3D printer water bottle


This device recycles plastic water bottles into 3D printing filament (and it's open source)

Here's a prototype of the Polyformer.

Image: Reiten Cheng

Plastics, ecologically speaking, have gotten a pretty bad reputation over the years, often quite deservedly so.

Nonprofit ocean conservation organization Oceana reports that two garbage trucks worth of plastic enters the world's oceans every minute. That's 33 billion pounds of plastic entering oceans every year. Mapping service Arcgis has charting data that shows there are five major patches of plastic-covered ocean covering 20 million square kilometers (7.72 million square miles). That's enough plastic to blanket Alaska, Texas, California, Montana, and New Mexico (The United States' five largest states by area).

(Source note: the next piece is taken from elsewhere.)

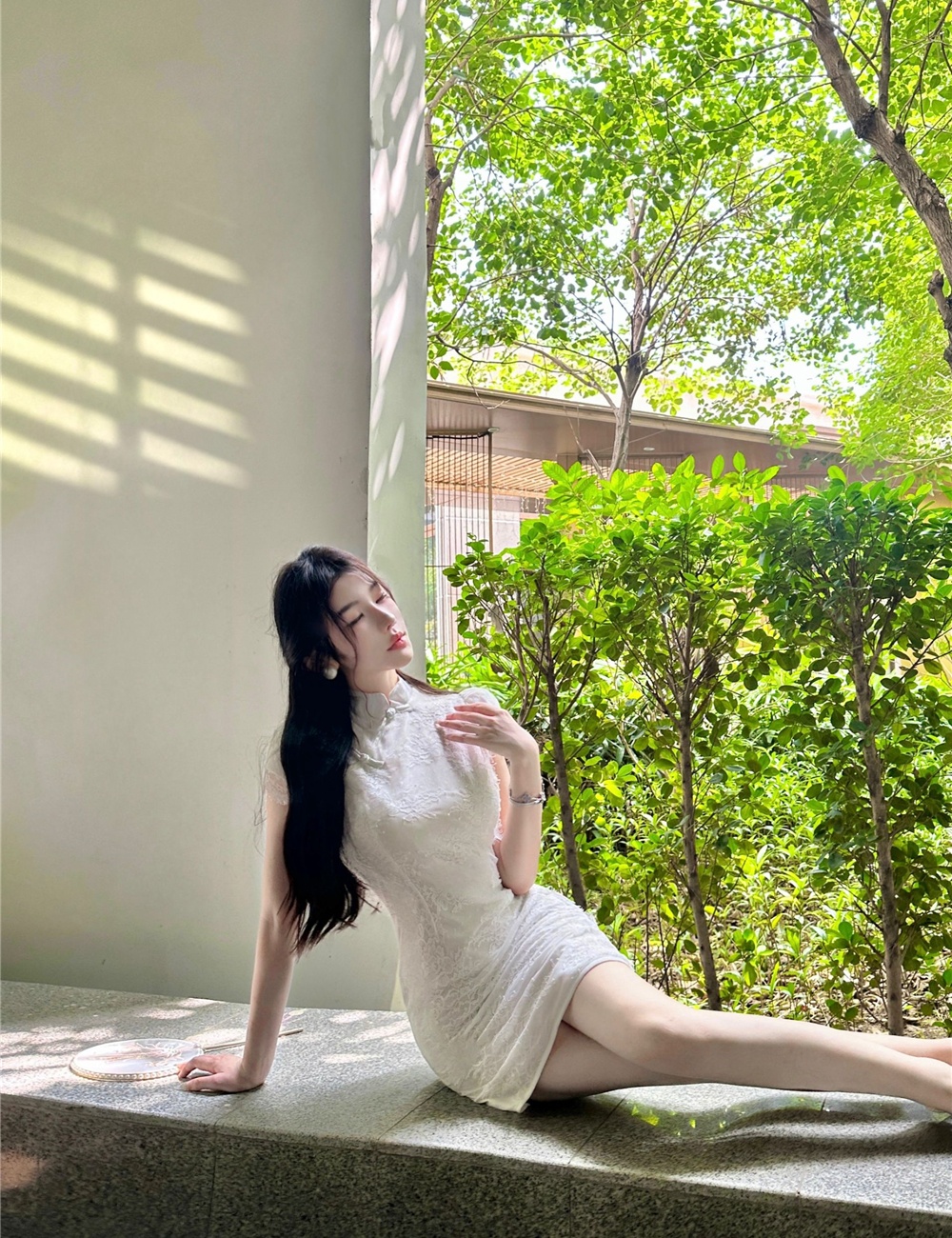 Lace Chinese style cheongsam summer cstand collar dress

The US Environmental Protection Agency reports that the US generated 35.7 million tons (roughly the weight of 17.8 million Tesla Model 3 vehicles) worth of plastic. Overall, only 8.7% of the plastic produced is recycled, but that rate differs based on the type of plastic because different types of plastics have very different chemical properties.

PLA, or polylactic acid, is the most common type of plastic used in 3D printing. It's a very easy-to-use material, it adheres to the print bed well, and is reasonably robust for many uses. It deteriorates in the sun and can be brittle, but the vast majority of items I've made have been printed with PLA because it works well in extrusion 3D printers.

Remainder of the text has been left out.